• TASK GOAL:
Once the pictures are set aside, reproduce all of the records exactly.

[Brief descriptive captions]
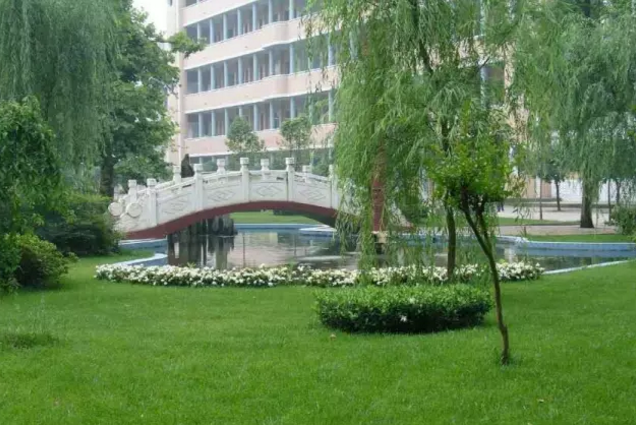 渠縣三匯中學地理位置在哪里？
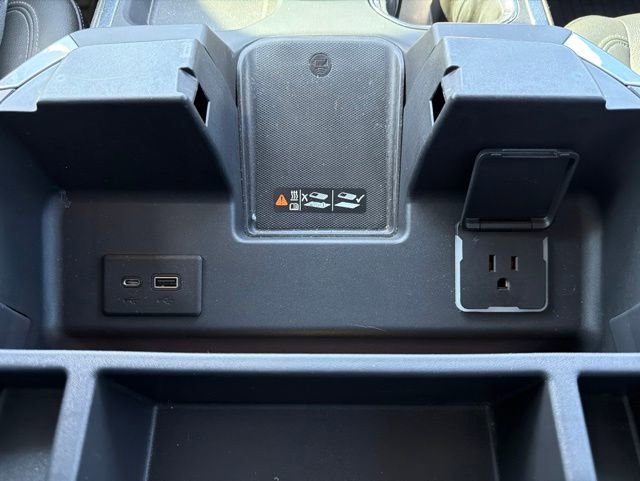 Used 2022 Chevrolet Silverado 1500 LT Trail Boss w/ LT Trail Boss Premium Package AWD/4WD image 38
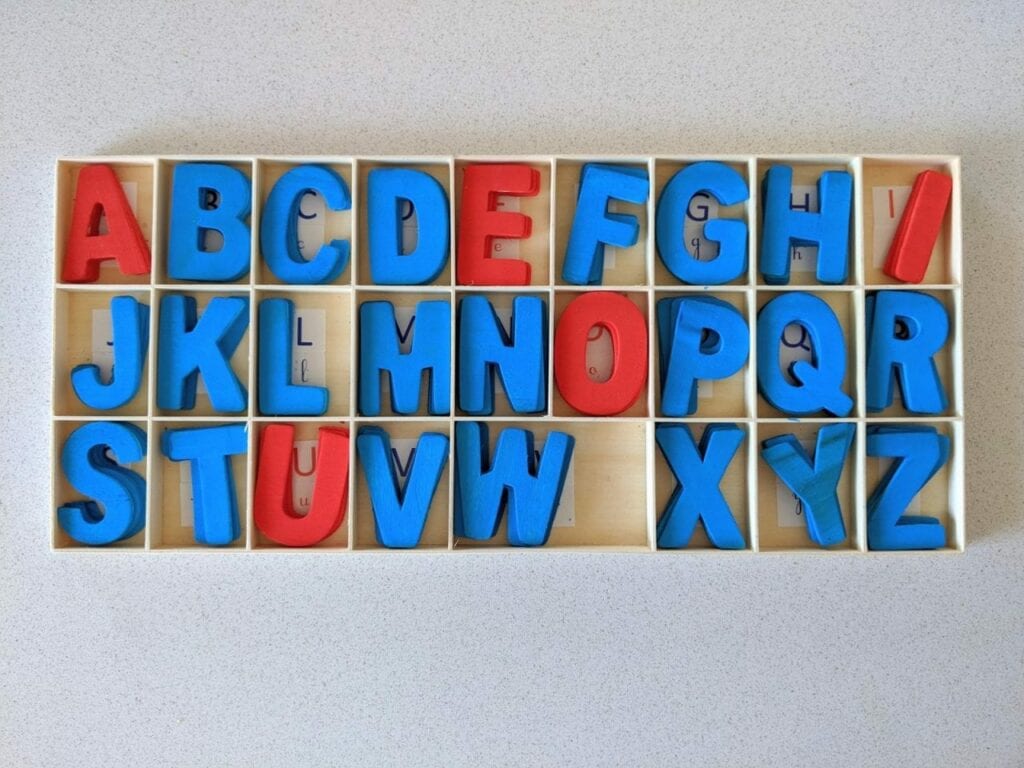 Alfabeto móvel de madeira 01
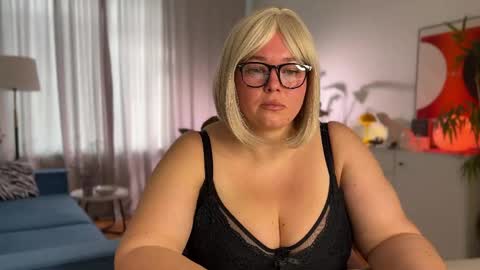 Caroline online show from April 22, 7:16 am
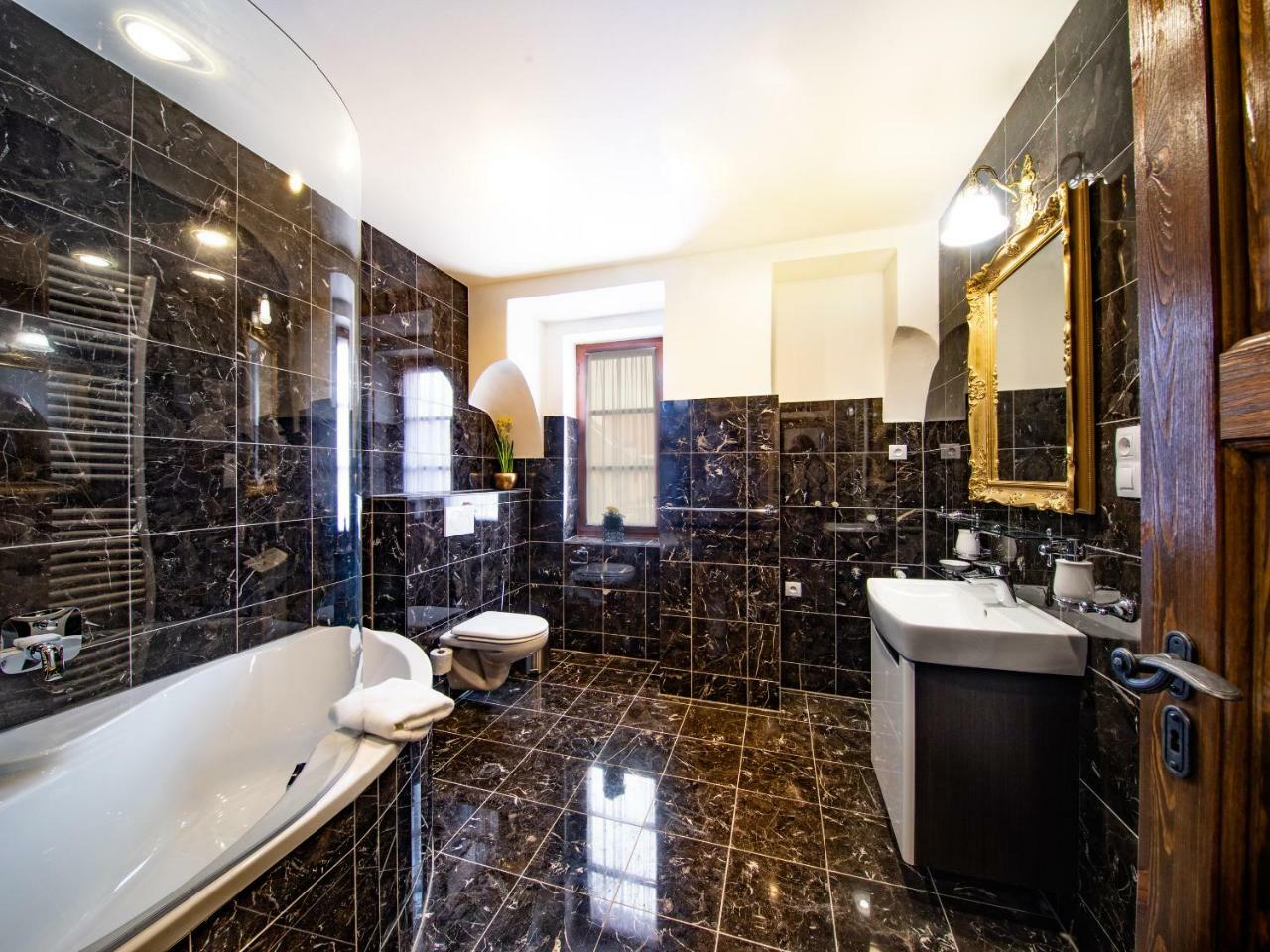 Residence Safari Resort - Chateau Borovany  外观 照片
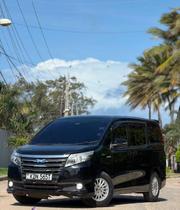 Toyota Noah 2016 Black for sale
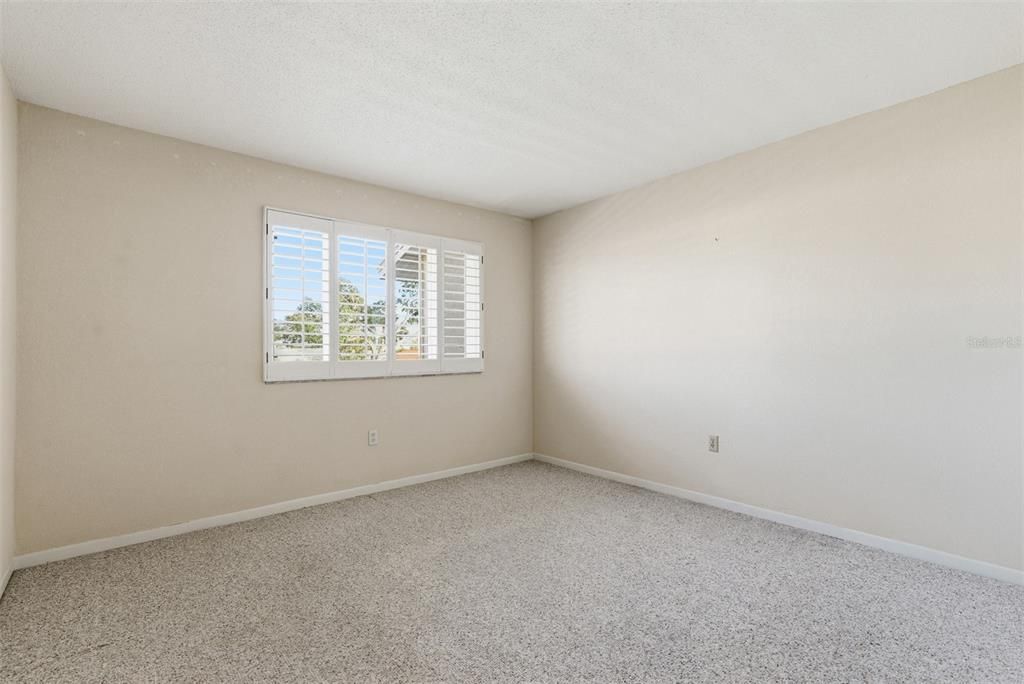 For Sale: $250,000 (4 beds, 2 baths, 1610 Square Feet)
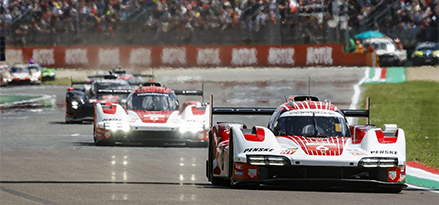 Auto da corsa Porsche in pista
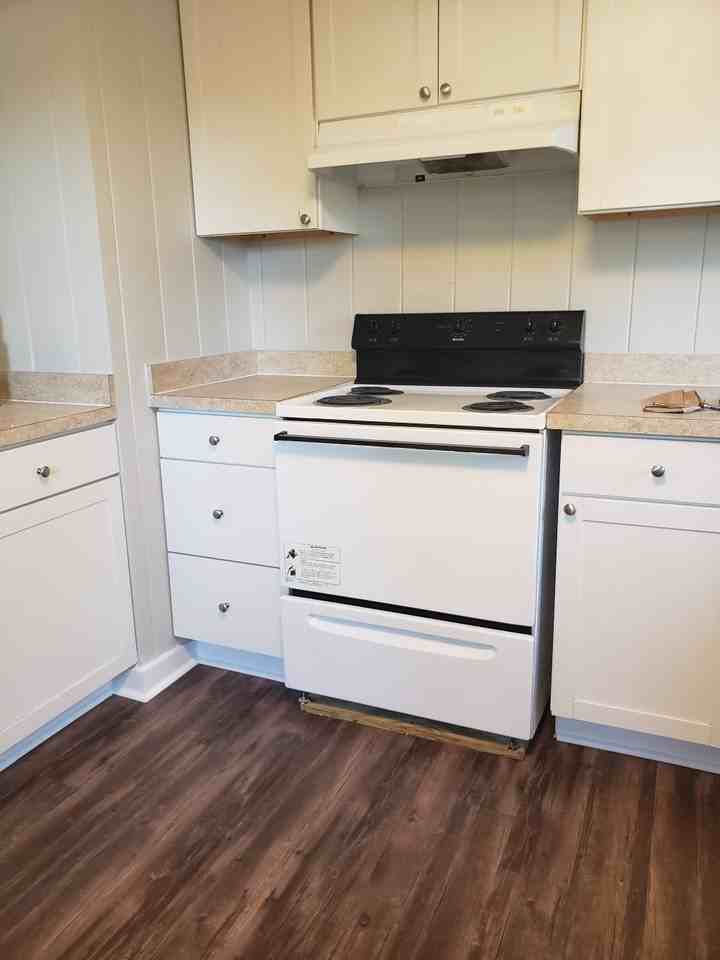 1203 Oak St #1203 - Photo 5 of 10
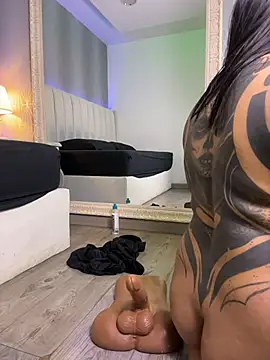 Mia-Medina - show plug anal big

• RESPONSE BOX:
 渠縣三匯中學地理位置在哪里？
 Used 2022 Chevrolet Silverado 1500 LT Trail Boss w/ LT Trail Boss Premium Package AWD/4WD image 38
 Alfabeto móvel de madeira 01
 Caroline online show from April 22, 7:16 am
 Residence Safari Resort - Chateau Borovany  外观 照片
 Toyota Noah 2016 Black for sale
 For Sale: $250,000 (4 beds, 2 baths, 1610 Square Feet)
 Auto da corsa Porsche in pista
 1203 Oak St #1203 - Photo 5 of 10
 Mia-Medina - show plug anal big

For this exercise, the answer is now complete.